C’EST UN GAMIN JUIF DE BONNE FAMILLE QUI RACLE LE BLUES ÉLECTRIQUE DU CHICAGO PAUVRE ET BLUFFE MUDDY WATERS AVANT DE CONVERTIR DYLAN À SA GUITARE INCENDIAIRE.

Mike Bloomfield

Box 4 CD/DVD « From His Head To His Heart To His Hands »

DISTRIBUÉ PAR SONY.

8

Dans le troisième CD du coffret, il y a ce moment précieux de 1980 où Dylan se fend d’un large compliment public lors d’un concert à San Francisco: le barde misanthrope présente Mike Bloomfield avec une prolixité et une générosité rares. Le morceau The Groom’s Still Waiting At The Altar déroule son gospel dylanisé alors que Bloomfield y pratique des incisions de guitares dans son style circonflexe, humide et profond, spleen et orageux, blues. Si Dylan a, ô miracle, le compliment facile ce soir-là, c’est que Bloomfield est pour lui un emblème. Celui du scandale de Newport Folk Festival de juillet 1965 lorsque Bob oublie le protest acoustique et déverse une orgie électrique sur un public médusé. Au coeur de ce tsunami culturel, Bloomfield s’abreuve de riffs crus, impies et inédits. Il est de fait dans sa nature de déplacer les frontières, comme l’expose le documentaire DVD au joli titre de Sweet Blues incorporé au box: né dans une famille nantie du nord de Chicago, Bloomfield n’a pas 20 ans lorsqu’il fréquente les bars et clubs, plutôt borgnes et strictement « noirs »,du sud de la cité. Muddy Waters, BB King et les autres comprennent vite que ce bleu-bite ne se contente pas de citations: son jeu de guitare coulant, sa dextérité acrobatique, ont la colère et la mélancolie sang-mêlé des précurseurs. Et un surplus de jeunesse moderne.
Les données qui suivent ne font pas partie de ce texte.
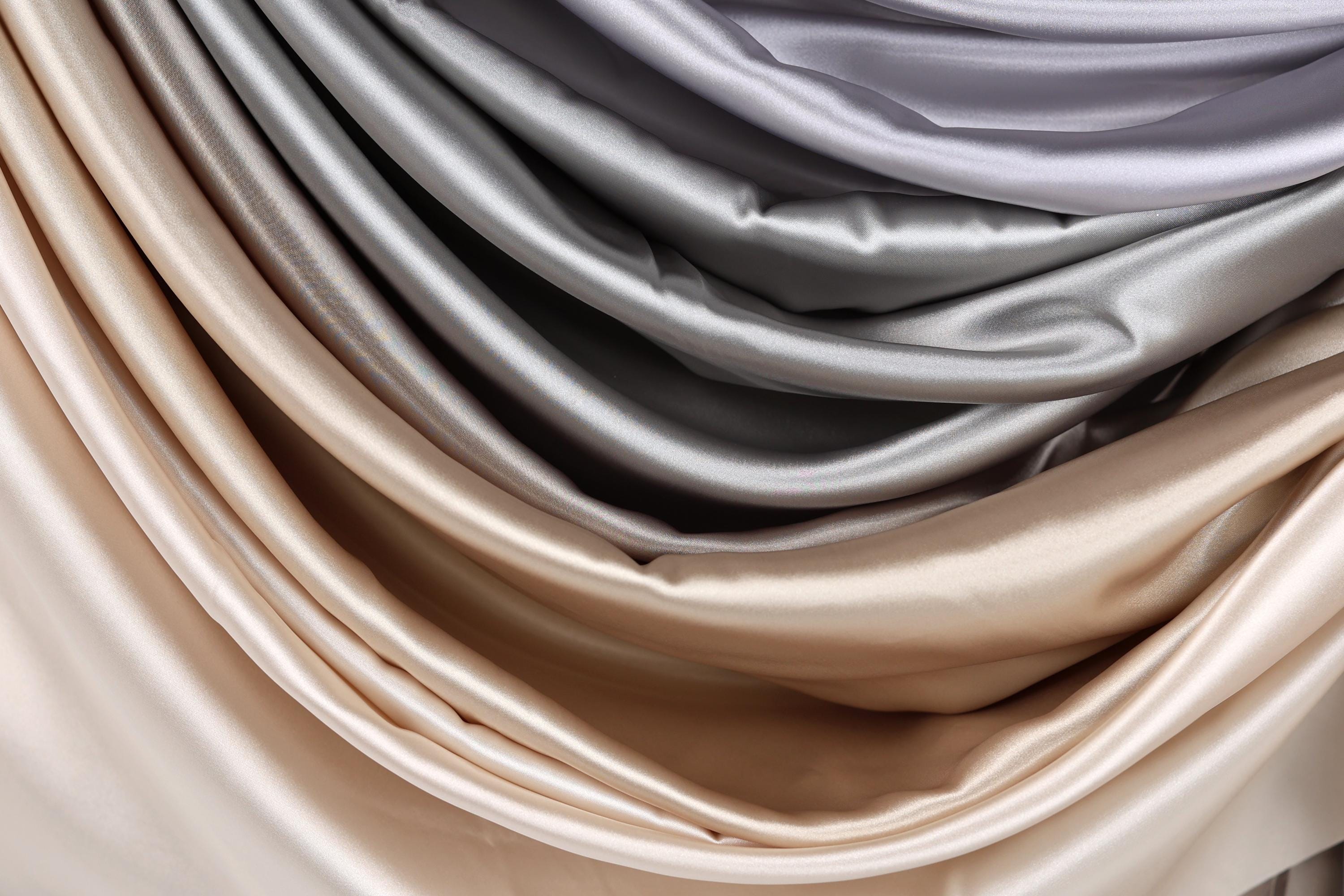 a close-up view of a pile of fabric, with a gradient of colors ranging from light to dark shades of gray and beige. The fabric appears to be made of satin or a similar smooth, shiny material.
On est au début des années 60 et Bloomfield semble tout désigné pour débuter une carrière supérieure.

Regrets éternels

Une fois qu’il a décliné d’être permanent chez Dylan, le virtuose s’embarque pour The Paul Butterfield Blues Band, groupe racial mixte -en 1965, c’est quasi inédit-, histoire de suivre l’harmonica acide de son leader. Là, comme dans la formation Electric Flag un peu plus tard dans la décennie, on note son vibrato généreux et un style élargi aux couleurs des musiques orientales plutôt qu’aux feedbacks et distorsions modes. Purisme poreux puisque Bloomfield puise aussi dans les réserves funky-soul de l’Amérique, à l’instar de ce Just A Little Something, daté de 1968. Sur les disques réalisés avec le mythique musicien-producteur Al Kooper -ils occupent l’intégralité du second CD-, Bloomfield est fascinant de facilité, créant des fleuves d’arpèges sensuels, narratifs, parfois relevés d’un nuage de psychédélisme (cf. His Holy Modal Majesty). Même les travaux acoustiques seventies du troisième CD attestent d’une technique fine et aérienne, un truc que le travail, seul, ne permet pas. Alors pourquoi Bloomfield ne devient-il pas un autre « God »à la Clapton? Peut-être parce qu’il manque d’une voix (à la Hendrix), de gimmicks (à la Jeff Beck) ou de tubes (à la Peter Green). Plus prosaïquement, il manque de temps, mort en 1981 à l’âge de 37 ans d’une overdose. Accidentelle comme on dit. Reste cet intéressant document pour avoir des regrets.